Expose DataFusion extensions (plan nodes, plan optimizer rules) #1782

Open wjones127 opened 5 months ago

wjones127 commented 5 months ago

The code in dataset/scanner.rs has gotten extremely complicated, to a point where it is hard to test. Before we make any improvements, we need to refactor this to be easier to test and extend.

In addition, outside codebases may wish to extend Lance's capabilities by modifying or composing plans. For example, in LanceDB, we'll want to add a separate WAL that needs to be queried during KNN queries and scans.

Tasks

jayzhan211 commented 3 weeks ago

I'm interesting in improve datafusion extensibility for lance

wjones127 commented 3 weeks ago

I think a good approach to this would be starting to design some logical plan nodes implementing UserDefinedLogicalNode.

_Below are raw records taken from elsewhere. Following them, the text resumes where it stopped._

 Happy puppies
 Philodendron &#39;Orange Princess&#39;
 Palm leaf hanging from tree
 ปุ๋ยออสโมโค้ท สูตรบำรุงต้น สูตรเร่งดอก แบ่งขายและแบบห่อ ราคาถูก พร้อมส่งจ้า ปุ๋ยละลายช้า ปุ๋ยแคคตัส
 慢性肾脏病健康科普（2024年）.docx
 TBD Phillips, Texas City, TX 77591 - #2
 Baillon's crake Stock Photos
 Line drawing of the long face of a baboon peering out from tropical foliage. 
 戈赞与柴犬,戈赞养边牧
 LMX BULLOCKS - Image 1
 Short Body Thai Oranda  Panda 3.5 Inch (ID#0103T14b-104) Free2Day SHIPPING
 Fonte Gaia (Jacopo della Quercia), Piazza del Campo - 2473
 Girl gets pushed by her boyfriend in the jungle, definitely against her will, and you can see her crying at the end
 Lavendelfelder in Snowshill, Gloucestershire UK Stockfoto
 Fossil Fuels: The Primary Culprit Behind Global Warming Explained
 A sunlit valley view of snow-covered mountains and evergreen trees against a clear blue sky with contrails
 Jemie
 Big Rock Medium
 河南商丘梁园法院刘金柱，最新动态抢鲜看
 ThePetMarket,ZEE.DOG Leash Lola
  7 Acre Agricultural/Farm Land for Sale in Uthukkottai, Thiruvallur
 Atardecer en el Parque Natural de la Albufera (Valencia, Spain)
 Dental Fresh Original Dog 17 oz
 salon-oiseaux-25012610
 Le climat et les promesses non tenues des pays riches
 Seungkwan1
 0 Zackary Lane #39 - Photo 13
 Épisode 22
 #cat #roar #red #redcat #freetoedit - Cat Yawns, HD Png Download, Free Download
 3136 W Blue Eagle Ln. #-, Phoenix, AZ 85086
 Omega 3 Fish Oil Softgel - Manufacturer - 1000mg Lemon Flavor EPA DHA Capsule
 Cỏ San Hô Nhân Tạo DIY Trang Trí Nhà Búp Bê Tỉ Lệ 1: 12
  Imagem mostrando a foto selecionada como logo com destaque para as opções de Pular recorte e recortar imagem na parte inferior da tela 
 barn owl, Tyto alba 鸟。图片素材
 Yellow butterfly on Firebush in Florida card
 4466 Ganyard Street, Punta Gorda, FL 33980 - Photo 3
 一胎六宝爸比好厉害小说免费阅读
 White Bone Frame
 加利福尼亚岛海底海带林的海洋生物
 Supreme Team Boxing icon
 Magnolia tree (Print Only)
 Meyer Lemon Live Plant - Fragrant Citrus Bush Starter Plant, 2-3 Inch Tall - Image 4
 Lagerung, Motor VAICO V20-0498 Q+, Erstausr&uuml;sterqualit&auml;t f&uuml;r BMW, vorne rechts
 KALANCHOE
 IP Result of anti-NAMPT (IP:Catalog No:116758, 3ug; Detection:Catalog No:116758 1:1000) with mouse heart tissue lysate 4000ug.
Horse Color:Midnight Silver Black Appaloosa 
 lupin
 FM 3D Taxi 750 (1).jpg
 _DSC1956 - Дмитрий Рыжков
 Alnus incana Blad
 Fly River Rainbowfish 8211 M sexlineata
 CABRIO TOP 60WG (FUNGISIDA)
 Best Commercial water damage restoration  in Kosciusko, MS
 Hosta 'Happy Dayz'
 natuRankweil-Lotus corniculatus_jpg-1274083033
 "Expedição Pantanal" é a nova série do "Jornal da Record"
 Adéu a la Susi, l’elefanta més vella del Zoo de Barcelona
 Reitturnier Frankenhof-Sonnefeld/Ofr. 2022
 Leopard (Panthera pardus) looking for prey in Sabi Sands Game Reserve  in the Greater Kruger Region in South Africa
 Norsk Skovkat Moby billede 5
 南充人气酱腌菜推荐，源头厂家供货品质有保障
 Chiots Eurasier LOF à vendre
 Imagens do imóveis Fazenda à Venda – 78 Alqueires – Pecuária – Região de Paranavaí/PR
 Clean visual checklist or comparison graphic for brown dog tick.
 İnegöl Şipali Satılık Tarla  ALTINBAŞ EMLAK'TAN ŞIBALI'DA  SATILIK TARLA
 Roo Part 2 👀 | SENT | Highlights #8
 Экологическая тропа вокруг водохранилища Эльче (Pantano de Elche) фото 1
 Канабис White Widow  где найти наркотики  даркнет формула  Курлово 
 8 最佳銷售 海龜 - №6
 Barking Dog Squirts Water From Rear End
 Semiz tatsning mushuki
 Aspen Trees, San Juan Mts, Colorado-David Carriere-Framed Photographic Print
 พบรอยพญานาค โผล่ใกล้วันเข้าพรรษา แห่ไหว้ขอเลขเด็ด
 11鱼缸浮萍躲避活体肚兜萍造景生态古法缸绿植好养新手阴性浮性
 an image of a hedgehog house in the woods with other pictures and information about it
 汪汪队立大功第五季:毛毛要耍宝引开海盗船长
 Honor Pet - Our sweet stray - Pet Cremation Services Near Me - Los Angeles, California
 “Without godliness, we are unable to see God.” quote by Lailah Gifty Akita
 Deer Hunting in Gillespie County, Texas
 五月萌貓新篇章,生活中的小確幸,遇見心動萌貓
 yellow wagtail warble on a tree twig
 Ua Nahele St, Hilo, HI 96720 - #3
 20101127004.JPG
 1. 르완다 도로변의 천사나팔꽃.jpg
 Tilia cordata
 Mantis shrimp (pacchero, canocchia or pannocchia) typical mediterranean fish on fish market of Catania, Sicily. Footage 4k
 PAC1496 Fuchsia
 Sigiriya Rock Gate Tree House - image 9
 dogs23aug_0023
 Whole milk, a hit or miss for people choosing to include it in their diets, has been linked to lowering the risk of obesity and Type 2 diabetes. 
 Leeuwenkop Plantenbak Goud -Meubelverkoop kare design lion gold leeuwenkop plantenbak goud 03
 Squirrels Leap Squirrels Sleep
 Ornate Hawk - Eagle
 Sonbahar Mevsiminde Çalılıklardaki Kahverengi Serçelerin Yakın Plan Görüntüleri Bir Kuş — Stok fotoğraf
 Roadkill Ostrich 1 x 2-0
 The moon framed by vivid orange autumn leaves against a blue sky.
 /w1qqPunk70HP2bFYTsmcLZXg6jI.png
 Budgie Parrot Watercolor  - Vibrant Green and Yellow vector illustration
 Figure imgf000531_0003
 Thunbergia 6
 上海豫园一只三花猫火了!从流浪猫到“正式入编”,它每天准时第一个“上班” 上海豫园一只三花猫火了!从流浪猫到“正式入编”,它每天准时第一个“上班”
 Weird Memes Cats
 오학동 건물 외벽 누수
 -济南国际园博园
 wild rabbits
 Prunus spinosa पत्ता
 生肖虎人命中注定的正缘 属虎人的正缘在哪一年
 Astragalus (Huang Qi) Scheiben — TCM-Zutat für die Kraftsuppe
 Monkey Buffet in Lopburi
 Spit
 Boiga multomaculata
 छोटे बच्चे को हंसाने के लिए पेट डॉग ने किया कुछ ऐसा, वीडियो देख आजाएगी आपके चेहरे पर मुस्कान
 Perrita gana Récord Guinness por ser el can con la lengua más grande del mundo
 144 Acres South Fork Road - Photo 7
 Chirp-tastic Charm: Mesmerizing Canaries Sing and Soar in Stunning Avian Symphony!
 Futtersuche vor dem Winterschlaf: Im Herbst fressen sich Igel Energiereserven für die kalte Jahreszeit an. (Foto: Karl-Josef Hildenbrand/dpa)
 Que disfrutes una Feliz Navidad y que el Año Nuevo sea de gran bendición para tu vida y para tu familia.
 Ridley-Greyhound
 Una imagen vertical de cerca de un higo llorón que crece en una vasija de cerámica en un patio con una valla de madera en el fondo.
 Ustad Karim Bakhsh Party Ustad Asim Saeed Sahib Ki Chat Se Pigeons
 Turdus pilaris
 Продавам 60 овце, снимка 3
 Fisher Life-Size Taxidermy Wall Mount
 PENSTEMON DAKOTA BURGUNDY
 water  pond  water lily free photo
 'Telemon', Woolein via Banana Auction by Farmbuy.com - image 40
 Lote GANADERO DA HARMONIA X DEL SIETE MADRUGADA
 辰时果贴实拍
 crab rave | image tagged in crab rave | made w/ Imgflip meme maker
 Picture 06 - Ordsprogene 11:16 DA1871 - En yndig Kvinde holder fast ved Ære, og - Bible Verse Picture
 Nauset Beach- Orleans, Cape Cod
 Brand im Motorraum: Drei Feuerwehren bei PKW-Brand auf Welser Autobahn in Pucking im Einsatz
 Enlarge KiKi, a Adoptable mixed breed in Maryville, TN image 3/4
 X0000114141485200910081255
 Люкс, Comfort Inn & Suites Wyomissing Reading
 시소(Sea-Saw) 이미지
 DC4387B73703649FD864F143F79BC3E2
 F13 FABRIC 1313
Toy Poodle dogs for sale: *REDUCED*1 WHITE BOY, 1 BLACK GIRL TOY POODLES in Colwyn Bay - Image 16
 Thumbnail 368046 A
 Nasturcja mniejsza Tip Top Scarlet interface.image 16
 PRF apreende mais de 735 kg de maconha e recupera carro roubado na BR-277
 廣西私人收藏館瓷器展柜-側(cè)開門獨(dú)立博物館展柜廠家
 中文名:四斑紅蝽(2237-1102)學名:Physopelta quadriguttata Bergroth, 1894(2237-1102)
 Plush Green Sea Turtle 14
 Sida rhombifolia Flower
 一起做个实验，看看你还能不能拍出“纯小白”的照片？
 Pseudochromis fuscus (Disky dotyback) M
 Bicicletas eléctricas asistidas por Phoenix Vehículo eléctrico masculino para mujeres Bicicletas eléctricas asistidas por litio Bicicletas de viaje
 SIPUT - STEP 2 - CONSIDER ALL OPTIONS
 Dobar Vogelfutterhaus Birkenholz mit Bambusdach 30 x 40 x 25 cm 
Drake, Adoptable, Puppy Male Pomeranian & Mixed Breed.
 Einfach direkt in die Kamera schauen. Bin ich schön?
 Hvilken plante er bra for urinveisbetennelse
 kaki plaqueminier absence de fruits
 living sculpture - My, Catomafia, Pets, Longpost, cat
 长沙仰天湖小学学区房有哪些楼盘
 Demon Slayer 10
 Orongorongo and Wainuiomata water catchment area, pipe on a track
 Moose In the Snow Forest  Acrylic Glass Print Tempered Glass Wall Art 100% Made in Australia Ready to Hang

From there, we can create a create_plan_v2() method that creates a logical plan instead of the ExecutionPlan. Later then we can physical planner and other things. This would keep the existing planning intact until we are ready to switch things over.

I'm interesting in improve datafusion extensibility for lance

Is there a particular goal you have in mind that you want to work towards?

jayzhan211 commented 3 weeks ago

Is there a particular goal you have in mind that you want to work towards?

None yet. I would like to know how lance built on datafusion and what areas could be improved.

I think a good approach to this would be starting to design some logical plan nodes implementing UserDefinedLogicalNode.

Probably I could start from this! Create a LogicalPlan for KNN search

wjones127 commented 3 weeks ago

@jayzhan211 If you want a smaller issue to get started with, this might be a better one: https://github.com/lancedb/lance/issues/1927 It will also have a more immediate pay off.